There are two types of coal found in Pennsylvania: anthracite, the hard coal found in Northeastern Pennsylvania below the Allegheny Ridge southwest to Harrisburg, and bituminous, the soft coal found west of the Allegheny Front escarpment). Anthracite coal is a natural mineral with a high carbon and energy content that gives off light and heat produced energy when burned, making it useful as a fuel. It was possibly first used in Pennsylvania as a fuel in 1769, but its history begins with a documented discovery near Summit Hill and the founding of the Lehigh Coal Mine Company in 1792 to periodically send expeditions to the wilderness atop Pisgah Ridge to mine the deposits, mostly with notable lack of great success, over the next 22 years.

The owners of this company were absentee managers who were reliant on teams of workers sent under a foreman to fell timber to build so called 'arks' (high-sided punts), then mine coal around nine miles in present-day Summit Hill, Pennsylvania from the right bank of the Lehigh River terminus at Mauch Chunk), then trek with mule loads to fill the boats for the trip down the rapid-strewn Lehigh River, and then more than 60 mi to the Lehigh Valley docks on the unimproved, often log-choked river. (Note: In 1823 White and Hazard offered to pay for improved navigations over the distance of the Delaware and in 1822–23 they had tested four large canal locks suitable for Steam tugs (such were in wide use by then) to pull Schooners to navigate up the river to Easton, where they would build matching 300 ft locks allowing sea going ships access to Mauch Chunk.

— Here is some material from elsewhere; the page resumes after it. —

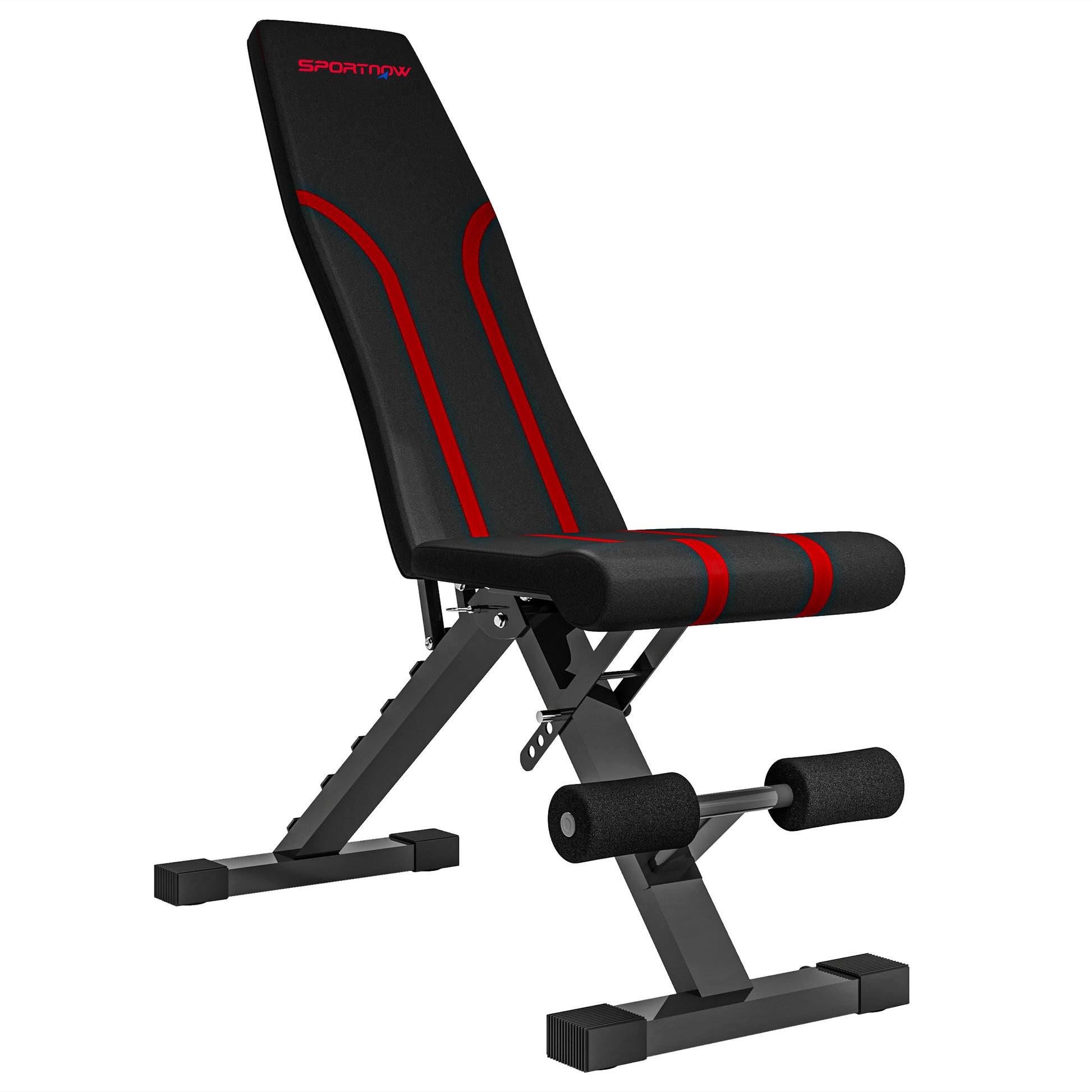 Photo of SPORTNOW Foldable Weight Bench, Adjustable Incline Flat Bench Press with 6-Level Backrest, 4-Level Seat, Leg Extension for Home Gym Workout Full Body Strength Training in Training colour on a white background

Timber interests wanted the Delaware 'dam free' so they could continue rafting floats of logs down the river freely. So pressured, the Pennsylvania Legislature declined, and in 1824 belatedly added the Delaware Canal to their long list of major civil engineering water transportation projects needing funded in the packaged enabling legislation for the Main Line of Public Works—the ambitious creation of a statewide system of canals (finally passed in 1826) as a belated response to New York's interests success in establishing the Erie Canal, a trans-Allegheny shipping channel that also tied into the Great Lakes.

The Lehigh Coal & Navigation was paying steeply every year, sending sacrificial arks down and deforesting the steep sided flanking mountains in ever growing amounts that ended with denuded banks covering as much as 400 acres a year.)

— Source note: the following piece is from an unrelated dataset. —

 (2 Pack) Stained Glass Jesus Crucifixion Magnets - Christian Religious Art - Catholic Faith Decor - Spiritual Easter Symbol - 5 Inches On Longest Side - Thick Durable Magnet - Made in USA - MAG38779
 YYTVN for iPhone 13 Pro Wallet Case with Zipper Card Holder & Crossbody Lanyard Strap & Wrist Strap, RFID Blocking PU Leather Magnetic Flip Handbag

Around 1790, the nation's first energy crisis became evident even in smaller towns: the forests needed for charcoal for smelting and other manufacturing, and stands of wood for heating fire wood were quickly vanishing, farther and farther from population centers. Transport of wood or an alternative fuel became very important to people, and bituminous was cheaper to import from England than 'chancy, unreliable' anthracite was to buy in Philadelphia. Suffering through British navy blockades during the war, industrialist Josiah White set his mill supervisors the task of experimenting with anthracite to get to ignite (Note: As the Museum book 'The Delaware and Lehigh Canals' relates, the worker, upset by lack of success, slammed the furnace door closed in frustration and headed home for the day. About a half hour later, other employees observed in the absence of cooling and with, by luck, a suitable bottom draft, the furnace was by then glowing white hot.) and burn in a useful way. Draft control and reflected heat proved to be the key to using anthracite for all processes. With sufficient heat, which excess air flow retards and cools, the fuel ignited and burned well. Soon other measures were found that within a decade made it the preferred home heating fuel in all the developed and settled East coast.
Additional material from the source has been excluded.